**STORED DATA:**
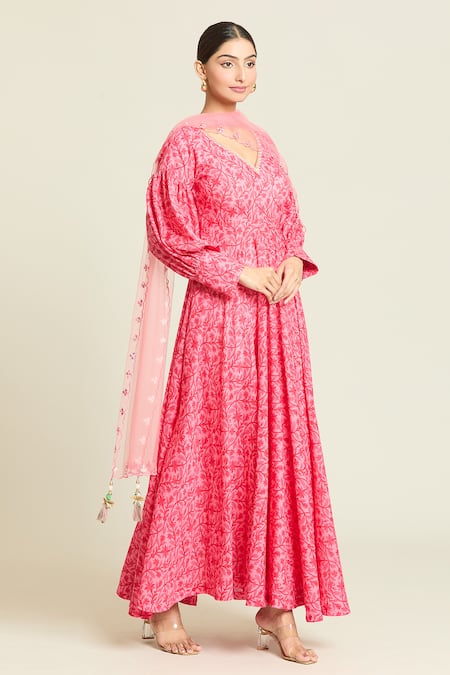 Shop_Naintara Bajaj_Pink Cotton, Net Embroidery V-neck Floral Vine Print Anarkali Pant Set _Online_at_Aza_Fashions
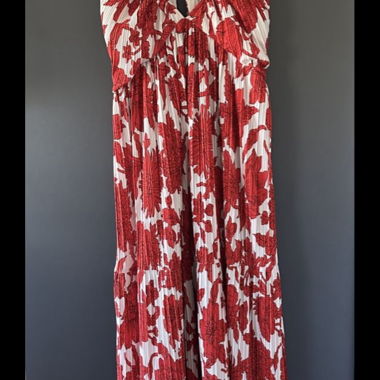 Rotes Maxikleid mit Blumenprint, L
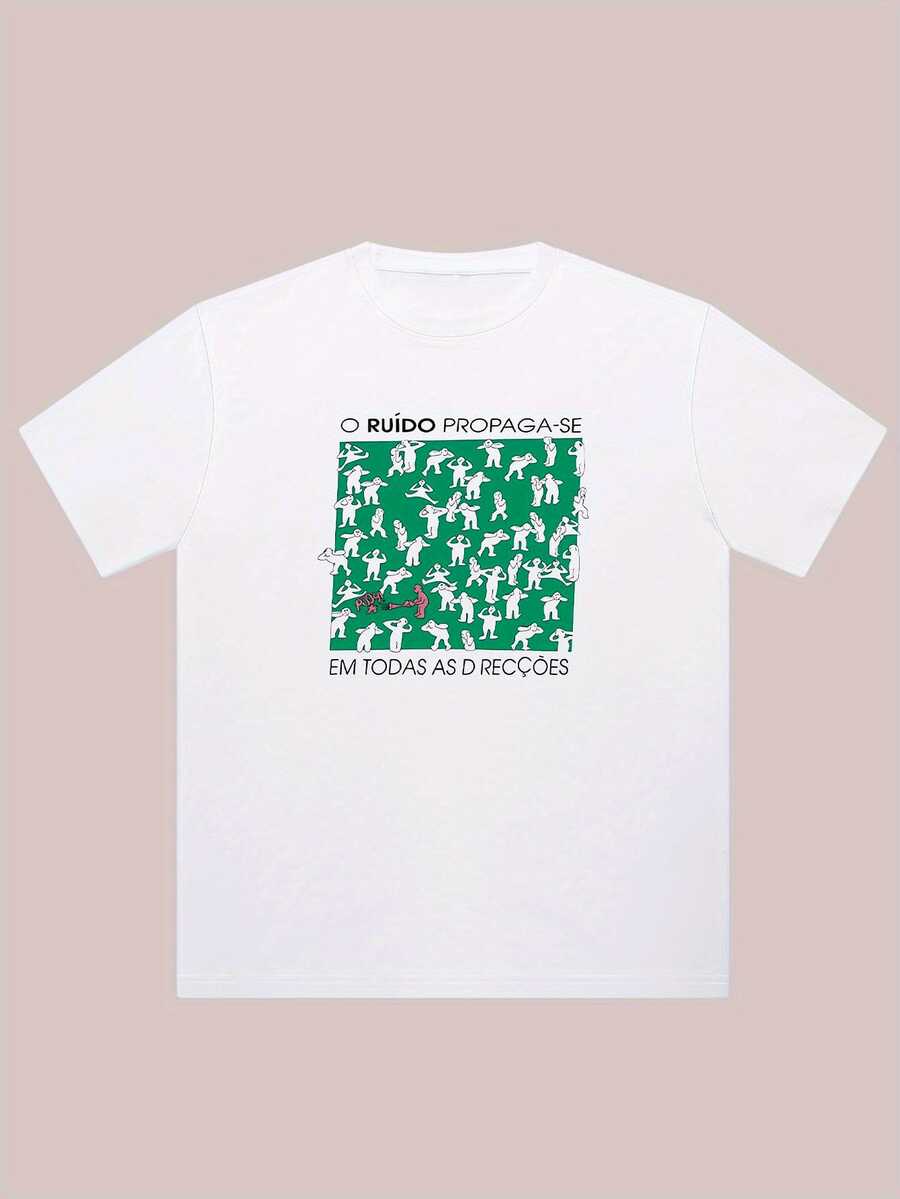 Eye-Catching Niche Design, Versatile Everyday Design,-Men's Short Sleeve Shirt,-Cotton Shirt. - White - View 1
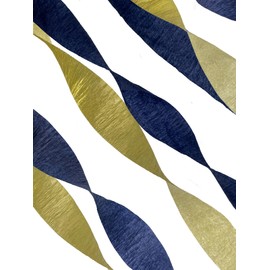 USA-Made Navy Blue and Gold Metallic Crepe Paper Streamers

**INSTRUCTIONS FOR THE TASK:**
The expected output is the whole listing, word for word, minus its pictures.

**TASK RESULT:**
 Shop_Naintara Bajaj_Pink Cotton, Net Embroidery V-neck Floral Vine Print Anarkali Pant Set _Online_at_Aza_Fashions
 Rotes Maxikleid mit Blumenprint, L
 Eye-Catching Niche Design, Versatile Everyday Design,-Men's Short Sleeve Shirt,-Cotton Shirt. - White - View 1
 USA-Made Navy Blue and Gold Metallic Crepe Paper Streamers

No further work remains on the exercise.